Factors such as taxation and employment law mean that extending the time one works remotely overseas for a Singaporean company will lead to complications.
Mr. Chris Woo, Tax Manager at accounting firm PwC Singapore, stressed that one cannot be expected to stay indefinitely in a foreign country without resident obligations, such as paying taxes and respecting employment law. , come into play sooner or later.
He added that this is why visitors to a certain country are usually only allowed to be there for a limited period of time and must be issued with work or employment passes, or visas if they wish. extend their stay.
The idea of remote working is not new: for years companies have been hiring freelancers based abroad or outsourcing certain functions, including call centers and technology support services, to workers abroad.
However, Covid-19 was a game-changer as it forced industries to digitize most, if not all, of their operations. As a result, remote working is now viable for many more work functions, prompting more workers to adopt it for a variety of reasons.
For those who plan to work remotely abroad in the longer term, Singapore Human Resources Institute President Low Peck Kem said it was “wise for both employer and employee to be clear on terms of employment.”

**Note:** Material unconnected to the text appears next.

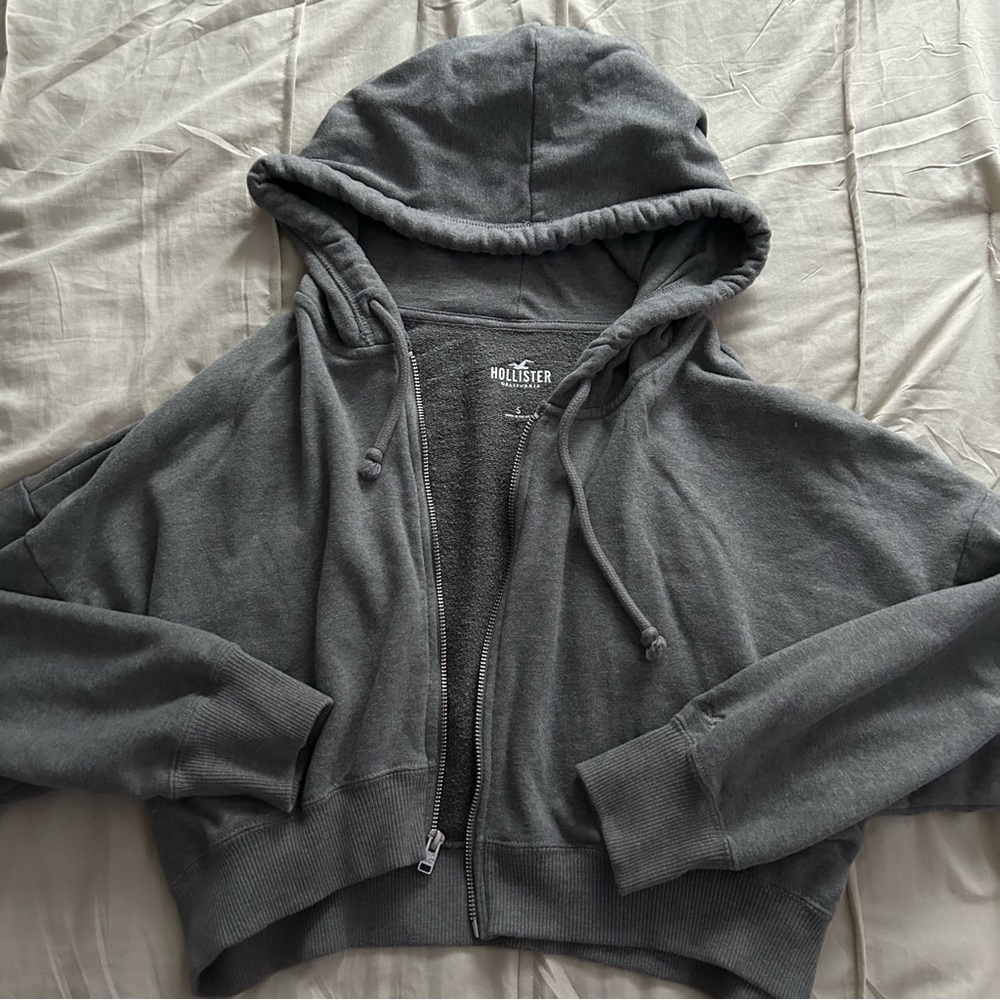 Hollister grey cropped zip-up hoodie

These extend to issues such as tax and labor laws, employment benefits and contributions to the Central Provident Fund (CPF).

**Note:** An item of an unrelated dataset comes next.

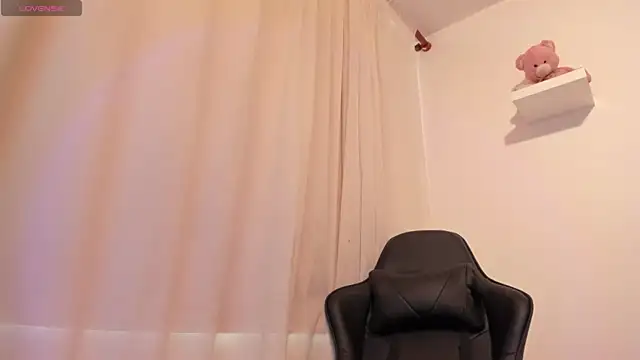 I am tori online show from 12.27.24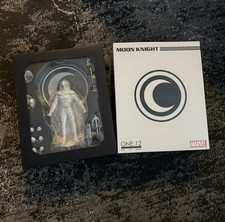 Mezco One  12 Collective Marvel Comics Moon Knight Action Figure  SEALED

On a broader front, countries will also need to grapple with the implications for their foreign labor policies, among others.
TAX AND LABOR LAWS
Staying in a country for an extended period of time would invariably lead a person to be subject to its tax and labor laws, tax and employment experts have said.

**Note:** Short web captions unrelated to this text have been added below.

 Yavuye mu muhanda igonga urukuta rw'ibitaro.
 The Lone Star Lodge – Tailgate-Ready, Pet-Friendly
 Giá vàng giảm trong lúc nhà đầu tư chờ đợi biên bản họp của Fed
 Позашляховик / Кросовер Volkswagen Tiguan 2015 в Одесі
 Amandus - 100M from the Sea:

However, the lines are not always clearly drawn and depend on many different factors, for example whether the employee still has to pay taxes in Singapore while working remotely abroad.
Mr. Mark Addy, partner at KPMG here, said that in general, any time a Singaporean company has employees working in foreign countries, it “runs the risk of being liable for corporate tax in these countries due to the creation of a “permanent establishment” or a taxable presence there “.
Mr Woo of PwC Singapore said that there are various factors that determine whether a Singaporean who works remotely is considered to be “legally working” in another country and therefore, under the tax and labor laws of the jurisdiction.
For example, it is important that a country has a tax treaty with Singapore, which generally sets out rules as to whether they will be subject to personal income tax.
The number of days that people can stay in the country before being taxed varies from country to country and depends on treaties.
One of these treaties is the Double Taxation Avoidance Agreement (DTA), which, according to the Ministry of Finance website, helps minimize double taxation of income from cross-border business activities.
According to the Inland Revenue Authority of Singapore (Iras) website, Singapore has DTAs with nearly 100 jurisdictions.
Mr Vikna Rajah, who heads the tax, trusts and private clients department at the Rajah & Tann law firm, said the agreements help “establish the distribution of tax rights to the income he earns. Between Singapore and the country the person works remotely.
Nonetheless, these treaties have an “exemption threshold,” said Ms. Dion Thai, Ms. Dion Thai, a global employer services tax partner at Deloitte Singapore. Beyond the threshold, which differs depending on the country, the person will have to pay taxes to both jurisdictions.
“An employee who undertakes remote work may find himself in a situation where he is subject to tax both in the country of employment and in the country where he works remotely, and there will be situations where double taxation cannot be mitigated or avoided, ”she said.
While exceptions were granted at the height of the Covid-19 pandemic, most countries have stopped or reduced tax breaks for these remote working arrangements.